### What this task involves
The result should be an exact copy of only the lines from the one holding "Суппорт задний правый (Lifan X60)" through the last line of the data below, please, without pictures.

### Given records

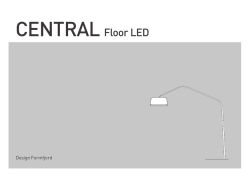 MOA P-5453 CENTRAL Floor LED 20160714.indd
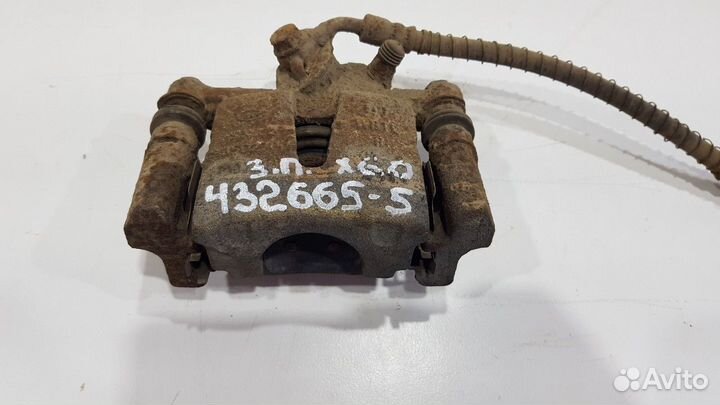 Суппорт задний правый (Lifan X60)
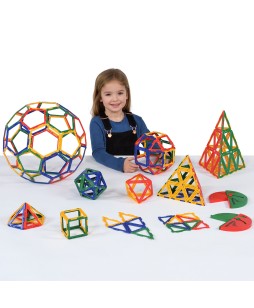 Originalus Polydron Frameworks rinkinys, 268 det.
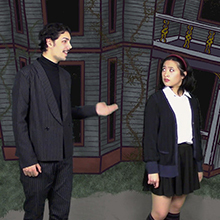 Students Launch “The Addams Family Musical” Film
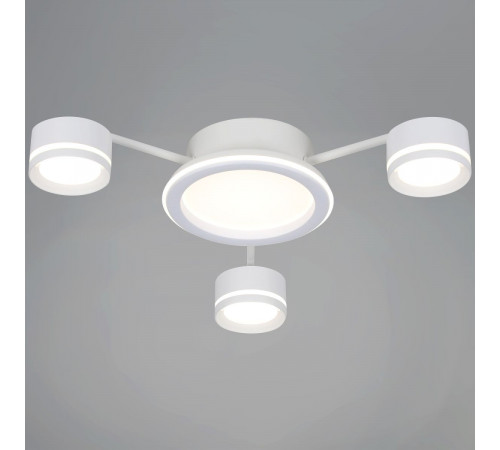 Потолочная люстра Reluce 20590-0.3-3+1 White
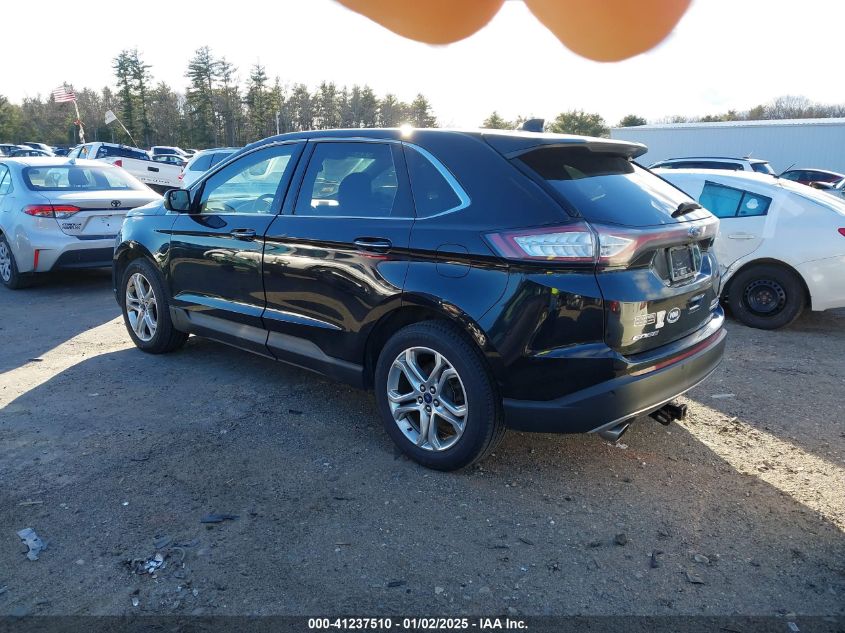 VIN 2FMPK4K84JBB86902 2018 FORD EDGE no.3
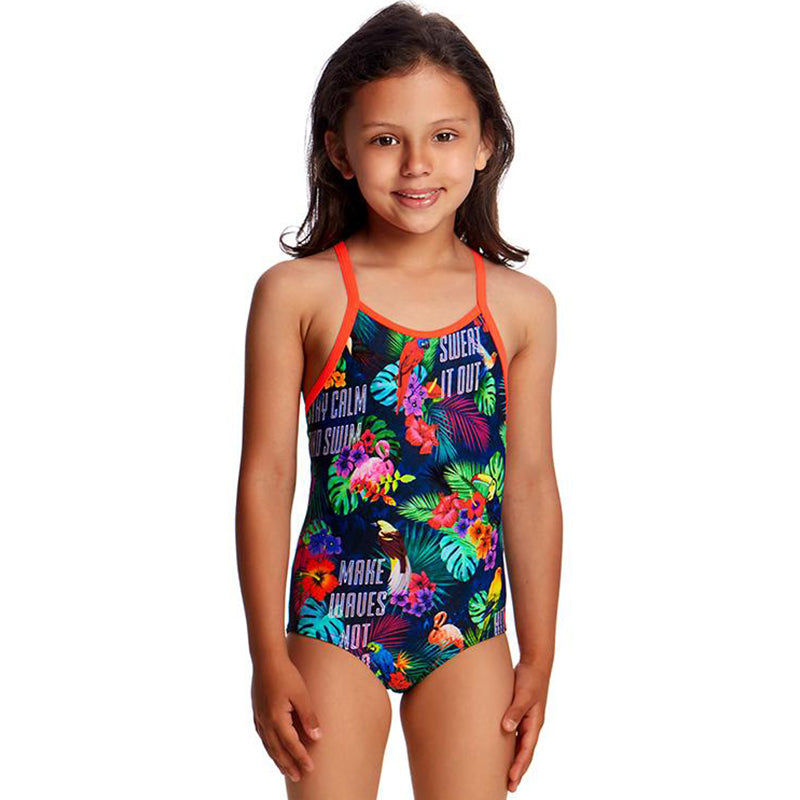 Funkita - Tropic Tag - Toddlers Girls One Piece
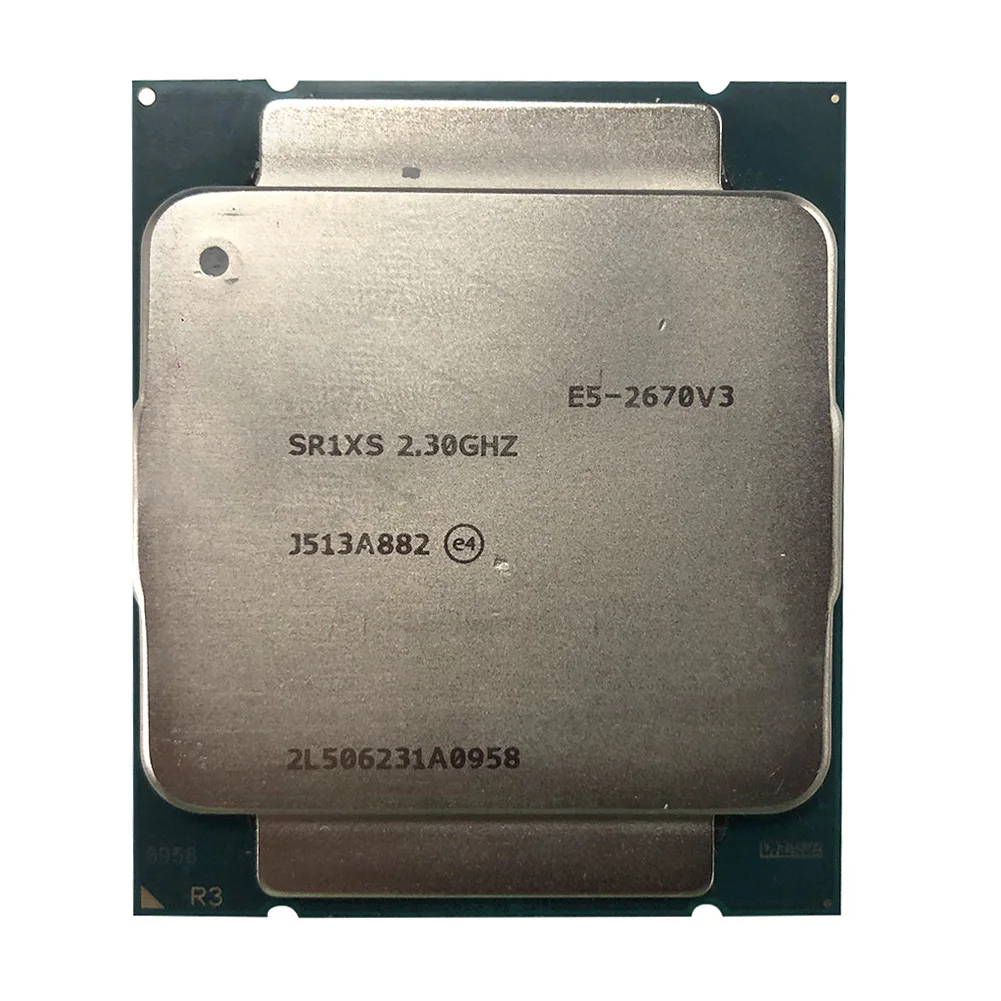 

Материнская плата CPU для Intel Xeon E5-2670 V3 для LGA 2011-V3 X99 CPU DDR4 12-ядерный процессор настольный компьютер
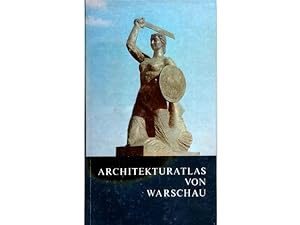 Büchersammlung "Warschau, Kultur und Wiederaufbau" 2 Titel. 1.) Warschau. Porträt einer Stadt. Fa...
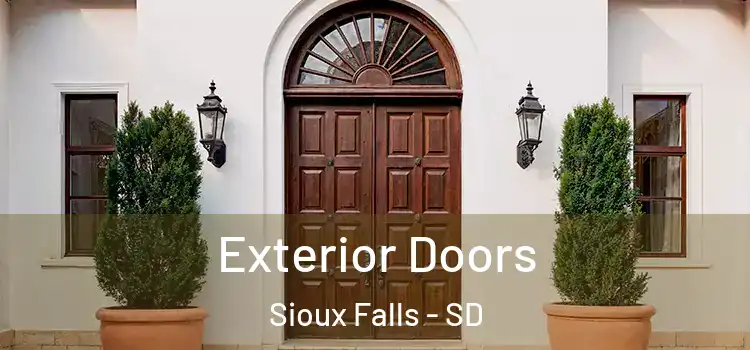  Exterior Doors Sioux Falls - SD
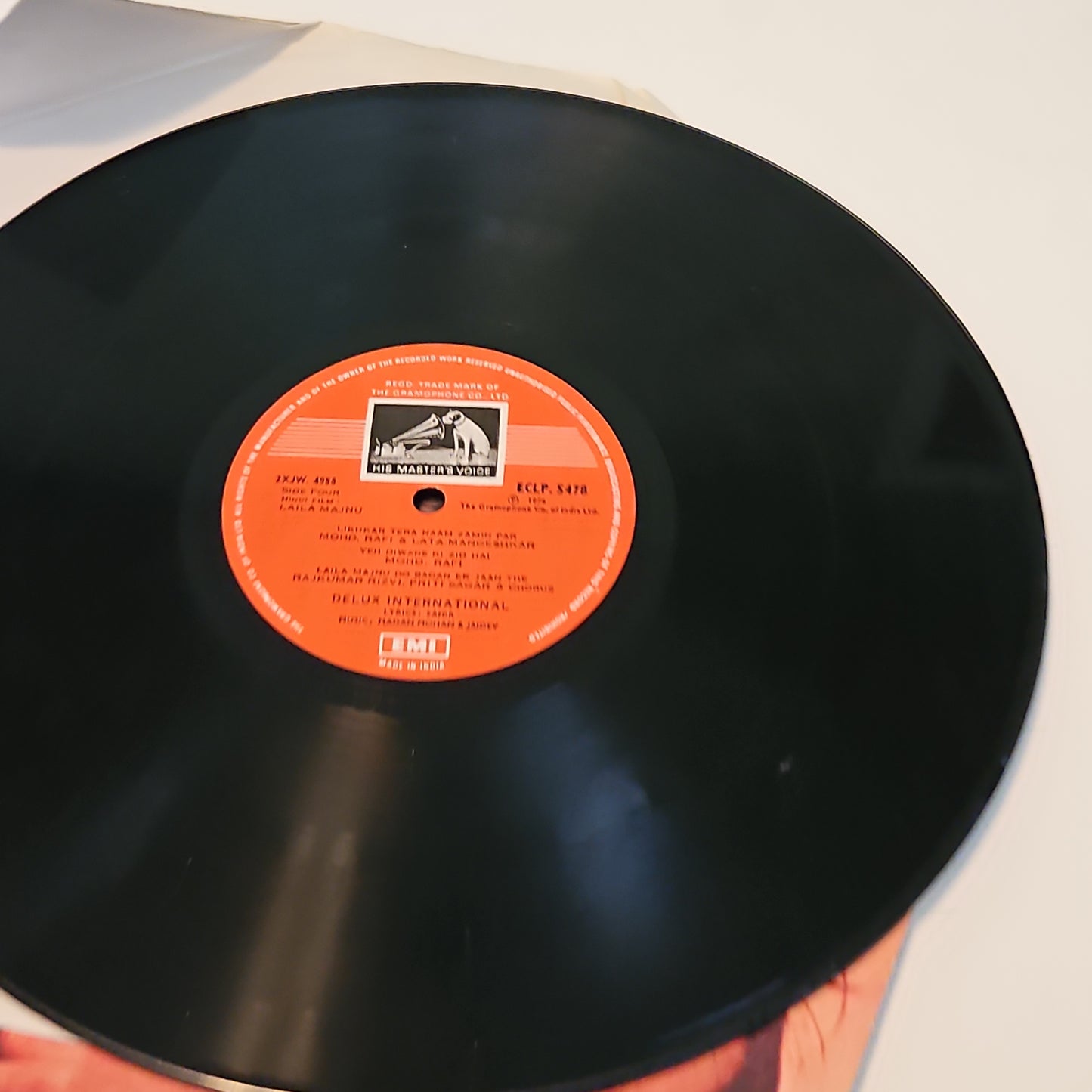 Laila Majnu - superhit blockbuster - 2 LP set, Madan Mohan and Jaidev - in Excellent condition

### Response to this task
 Суппорт задний правый (Lifan X60)
 Originalus Polydron Frameworks rinkinys, 268 det.
 Students Launch “The Addams Family Musical” Film
 Потолочная люстра Reluce 20590-0.3-3+1 White
 VIN 2FMPK4K84JBB86902 2018 FORD EDGE no.3
 Funkita - Tropic Tag - Toddlers Girls One Piece

Материнская плата CPU для Intel Xeon E5-2670 V3 для LGA 2011-V3 X99 CPU DDR4 12-ядерный процессор настольный компьютер
 Büchersammlung "Warschau, Kultur und Wiederaufbau" 2 Titel. 1.) Warschau. Porträt einer Stadt. Fa...
  Exterior Doors Sioux Falls - SD
 Laila Majnu - superhit blockbuster - 2 LP set, Madan Mohan and Jaidev - in Excellent condition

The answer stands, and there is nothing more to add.